In a predominantly peasant or rural country, guerrilla struggles can play an important part in struggles against dictatorship and oppression. But, even in these circumstances, it is the working class in the cities and towns that are essential to overthrowing regimes, winning real democratic rights, ending capitalism, and introducing socialism. Guerrilla campaigns should be auxiliary to the predominant role of the working class in the fight to change society, and guerrilla campaigns need to be democratically controlled by peasants and working people. Without the conscious and active participation of the working class – the most collective and progressive class in society – and the spreading of the socialist revolution internationally, particularly to the richer countries, it is not possible to bring about a genuinely socialist society.

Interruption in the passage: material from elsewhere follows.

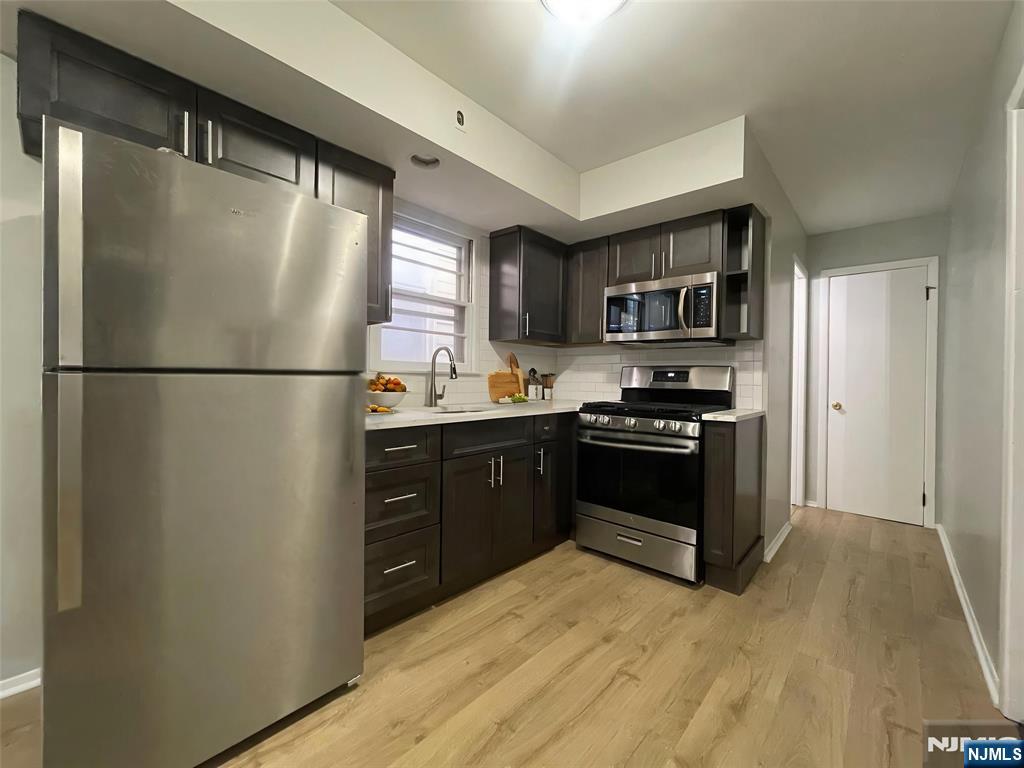319 Hamilton Street, Unit 2 Harrison, NJ 07029 - Photo 3 of 7 a kitchen with a refrigerator and a stove top oven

The betrayals of workers and the poor by the CPN-UML (Communist Party Nepal – United Marxist Leninist) has made the situation more complex. This main party of the working class in the cities openly collaborates with the ruling class, instead of putting forward an independent, revolutionary, working class position.

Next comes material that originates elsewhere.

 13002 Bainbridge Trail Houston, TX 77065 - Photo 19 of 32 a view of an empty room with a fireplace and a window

The CPN-UML was part of the recently sacked government (initially installed by the King), in which they had thirteen ministries alongside the right wing National Democratic Party. The leadership of the CPN-UML failed to learn from the experiences of 1994 to 1997, when they were ousted from power because the ruling class did not feel the communists properly represented their interests.

Lack of a socialist programme

The CPN-UML is a major force in Nepalese society and, therefore, its lack of socialist policies are a major roadblock for working people in their struggle for a better life. The CPN-UML programme is very limited. Their current demands and tactics are based upon the fact that there is no bourgeois democracy in Nepal. Their main proposal therefore is a vague demand for ‘bourgeois’ or ‘liberal parliamentary’ democracy. Their other demands are for an all-party government, the intervention of the UN, and for peace with the Maoist guerrillas (The CPN-UML does not give an explanation as to why previous peace talks failed). This programme – which appeals to the so-called ‘progressive wing’ of capitalism, at home, and internationally, – is not the programme that can end civil war and bring peace to Nepal.

What is really needed is a programme of land reforms, the nationalisation of the main industries and resources, under the democratic control and management of working people, and an internationalist, working class policy to break the isolation of Nepal. To carry out these policies needs a workers’ government, which would call for the support of workers and the poor throughout south Asia.

Unfortunately, the current dominant left forces in Nepal – Maoism and the CPN-UML – have all the classic features and limits of Stalinism. They still see things in terms of a so-called, ‘national democratic revolution’ or a ‘people’s democratic revolution’, and they are confused over the role of working class and peasantry. The call for stable liberal, parliamentary, democracy (which is impossible in the conditions in Nepal), and then, some time in the future, for a struggle for socialism, is a cruel illusion. When previously adopted by communist parties with mass support in other countries (Spain in the 1930s or Indonesia in the 1960s, to give just two examples), these types of policies often led to the massacre of many militants and were a serious defeat for working people. The communist parties gave up an independent, class position for an alliance with parties and forces that supposedly represented the ‘progressive’ capitalists – only to find these same ‘progressives’ turn on them when the demands from the working class became a serious threat to the interests of capitalism.

Only workers’ unity, with a revolutionary socialist programme, can overturn the Nepalese monarchy, the capitalist and feudal elite, expel imperialism, and transform society on socialist lines. Only this will end civil wars and the exploitation and misery of the working class in the Himalayan state.